--- What to produce ---
Your answer must be an exact copy of the entries below, with no pictures in it.

· · · · · · ·

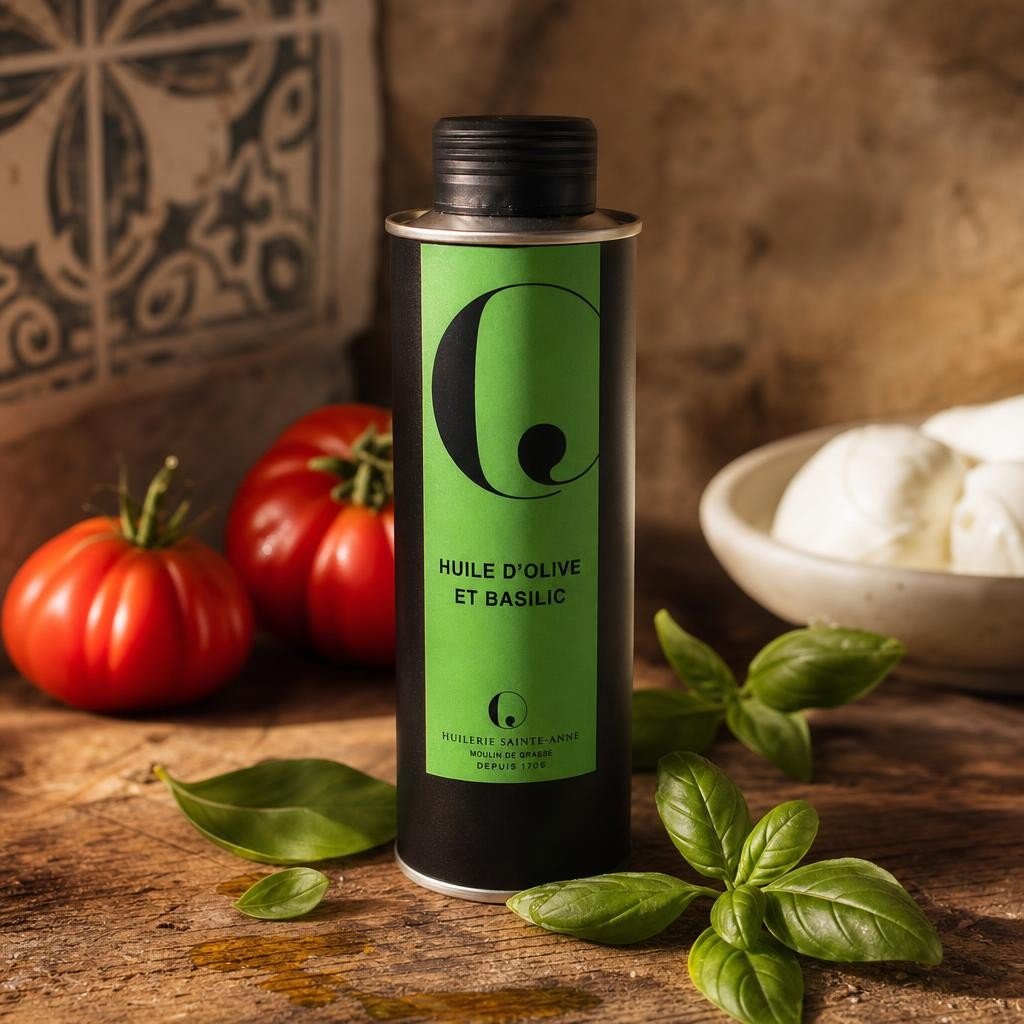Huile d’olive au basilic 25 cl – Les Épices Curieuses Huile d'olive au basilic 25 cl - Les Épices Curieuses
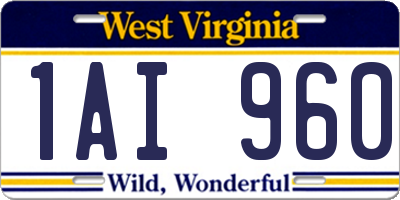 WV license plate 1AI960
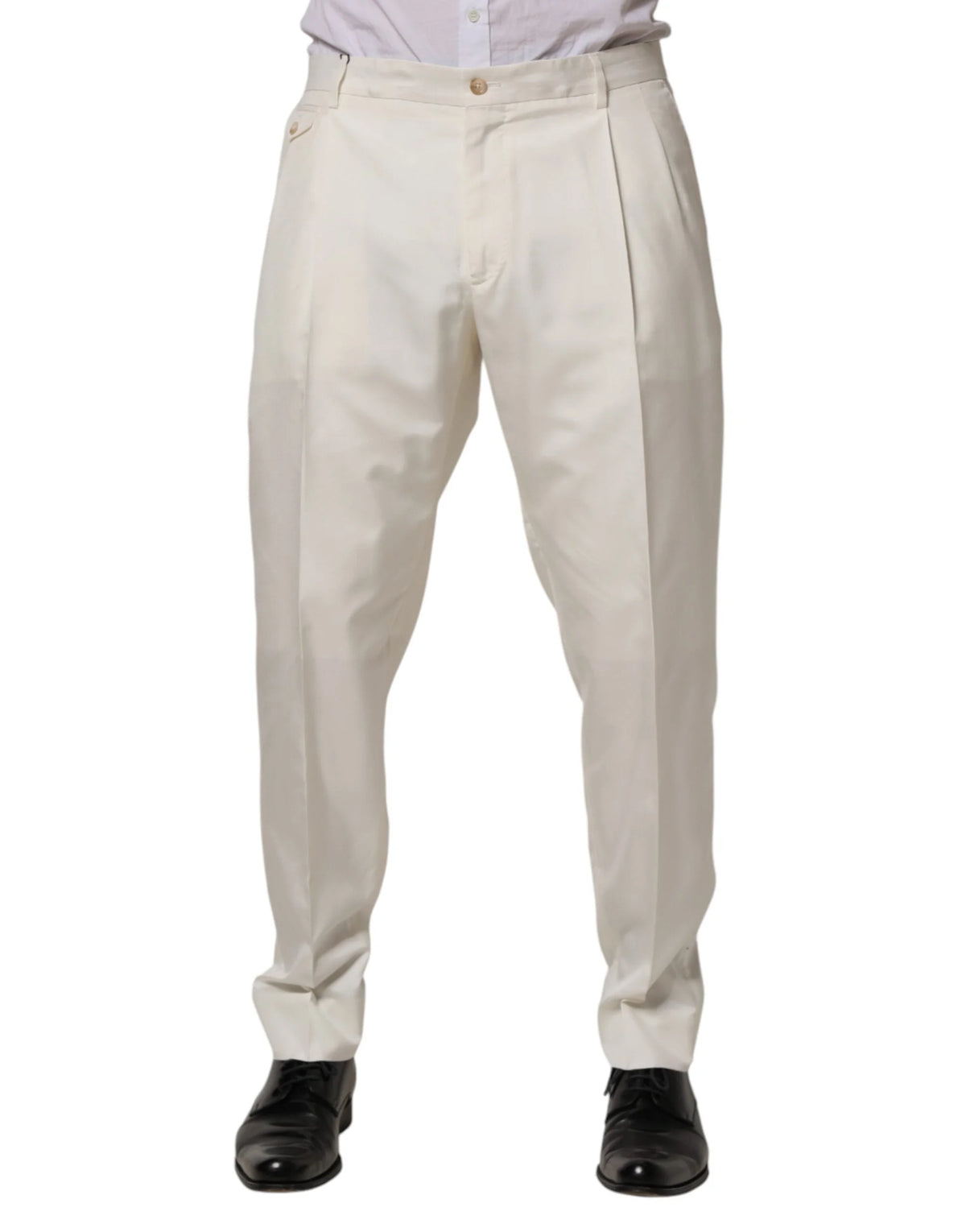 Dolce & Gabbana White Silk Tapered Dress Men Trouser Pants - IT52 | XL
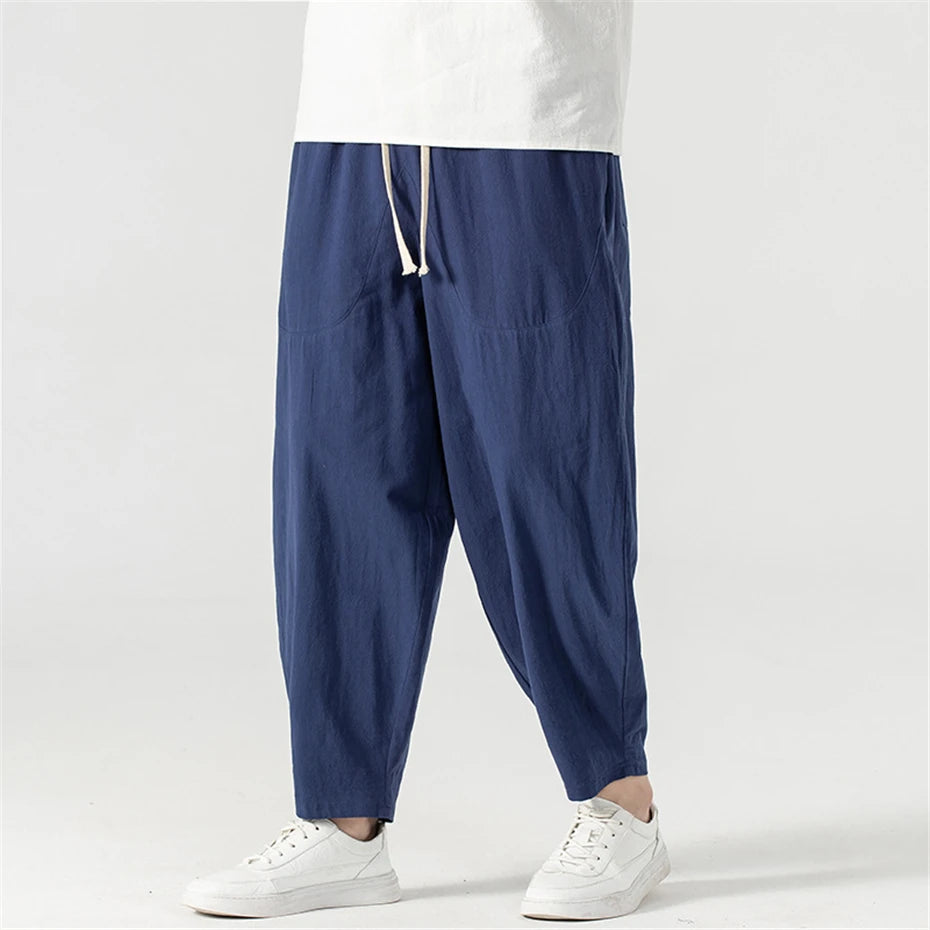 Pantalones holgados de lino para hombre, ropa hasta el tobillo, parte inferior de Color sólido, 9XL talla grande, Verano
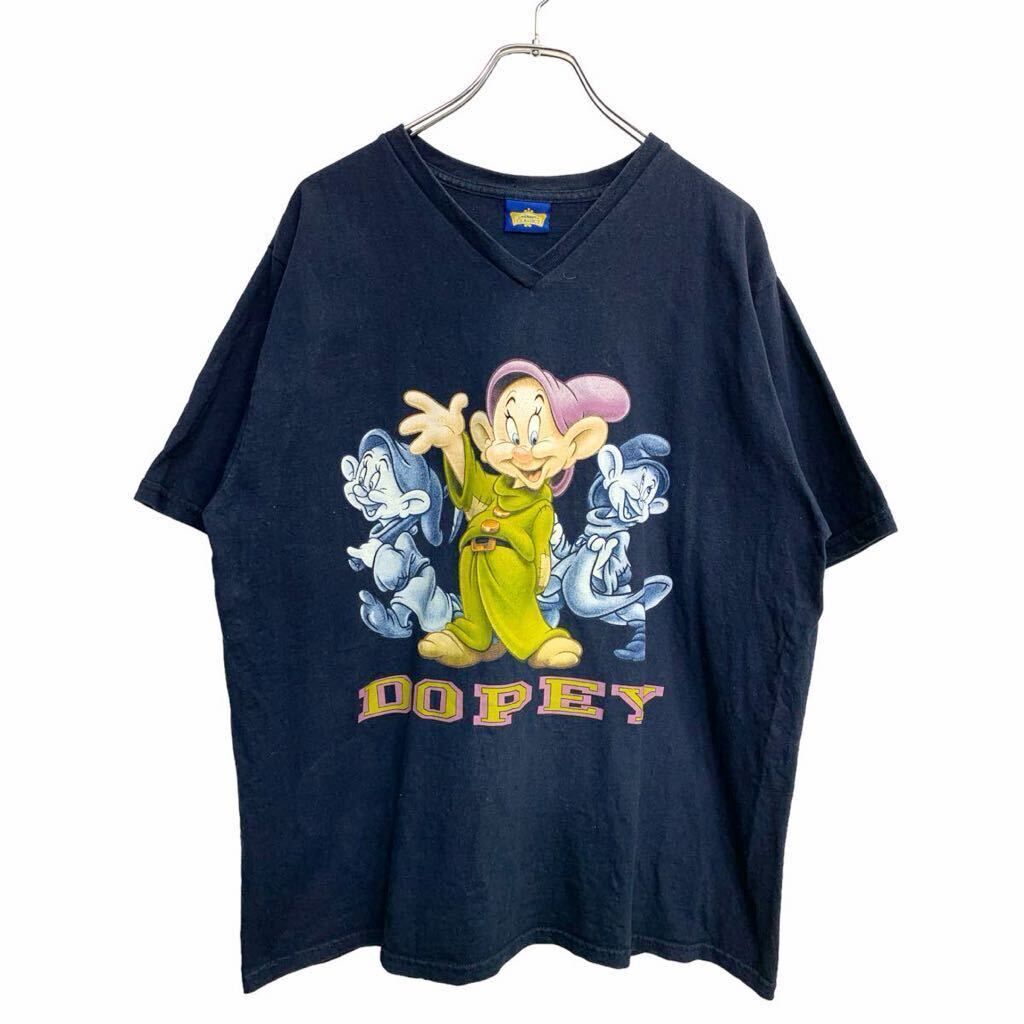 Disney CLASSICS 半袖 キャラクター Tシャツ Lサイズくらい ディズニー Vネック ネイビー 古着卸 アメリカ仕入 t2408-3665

· · · · · · ·

--- Solution to this exercise ---
Huile d’olive au basilic 25 cl – Les Épices Curieuses Huile d'olive au basilic 25 cl - Les Épices Curieuses
 WV license plate 1AI960
 Dolce & Gabbana White Silk Tapered Dress Men Trouser Pants - IT52 | XL
 Pantalones holgados de lino para hombre, ropa hasta el tobillo, parte inferior de Color sólido, 9XL talla grande, Verano
 Disney CLASSICS 半袖 キャラクター Tシャツ Lサイズくらい ディズニー Vネック ネイビー 古着卸 アメリカ仕入 t2408-3665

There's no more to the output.